=== Section Start ===

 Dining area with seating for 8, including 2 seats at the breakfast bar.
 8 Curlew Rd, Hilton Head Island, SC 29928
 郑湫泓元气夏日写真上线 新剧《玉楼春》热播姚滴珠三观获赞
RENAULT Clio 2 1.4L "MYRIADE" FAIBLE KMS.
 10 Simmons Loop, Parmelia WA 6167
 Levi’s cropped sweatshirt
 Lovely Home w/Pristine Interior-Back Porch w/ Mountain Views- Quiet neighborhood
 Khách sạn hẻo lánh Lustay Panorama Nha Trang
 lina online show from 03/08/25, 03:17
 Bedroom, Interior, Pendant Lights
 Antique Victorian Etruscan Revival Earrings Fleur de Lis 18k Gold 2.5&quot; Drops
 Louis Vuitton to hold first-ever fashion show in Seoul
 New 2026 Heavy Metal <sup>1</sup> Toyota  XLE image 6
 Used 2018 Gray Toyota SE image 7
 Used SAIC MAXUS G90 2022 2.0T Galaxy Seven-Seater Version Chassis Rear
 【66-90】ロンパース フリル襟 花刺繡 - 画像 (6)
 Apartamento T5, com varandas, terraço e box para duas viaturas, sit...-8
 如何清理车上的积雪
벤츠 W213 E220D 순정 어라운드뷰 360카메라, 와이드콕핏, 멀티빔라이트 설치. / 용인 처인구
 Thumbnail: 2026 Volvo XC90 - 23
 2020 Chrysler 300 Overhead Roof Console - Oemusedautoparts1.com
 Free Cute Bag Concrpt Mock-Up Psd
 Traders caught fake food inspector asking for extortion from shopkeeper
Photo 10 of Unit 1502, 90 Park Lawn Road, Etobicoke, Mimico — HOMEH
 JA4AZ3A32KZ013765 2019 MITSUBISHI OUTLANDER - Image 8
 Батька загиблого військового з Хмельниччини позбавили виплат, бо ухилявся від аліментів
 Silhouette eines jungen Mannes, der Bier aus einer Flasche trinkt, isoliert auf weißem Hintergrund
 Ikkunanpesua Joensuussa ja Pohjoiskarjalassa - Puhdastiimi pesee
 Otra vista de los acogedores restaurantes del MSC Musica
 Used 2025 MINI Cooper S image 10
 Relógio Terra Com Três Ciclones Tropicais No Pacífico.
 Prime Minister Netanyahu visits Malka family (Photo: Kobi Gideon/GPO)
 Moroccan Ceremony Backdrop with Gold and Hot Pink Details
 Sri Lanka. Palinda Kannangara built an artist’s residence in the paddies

=== Section End ===

Return only the part of the records above that opens with the line containing "Used SAIC MAXUS" and closes with the line containing "Thumbnail: 2026 Volvo XC90 - 23", ends included.

## [EXERCISE ANSWER]
 Used SAIC MAXUS G90 2022 2.0T Galaxy Seven-Seater Version Chassis Rear
 【66-90】ロンパース フリル襟 花刺繡 - 画像 (6)
 Apartamento T5, com varandas, terraço e box para duas viaturas, sit...-8
 如何清理车上的积雪
벤츠 W213 E220D 순정 어라운드뷰 360카메라, 와이드콕핏, 멀티빔라이트 설치. / 용인 처인구
 Thumbnail: 2026 Volvo XC90 - 23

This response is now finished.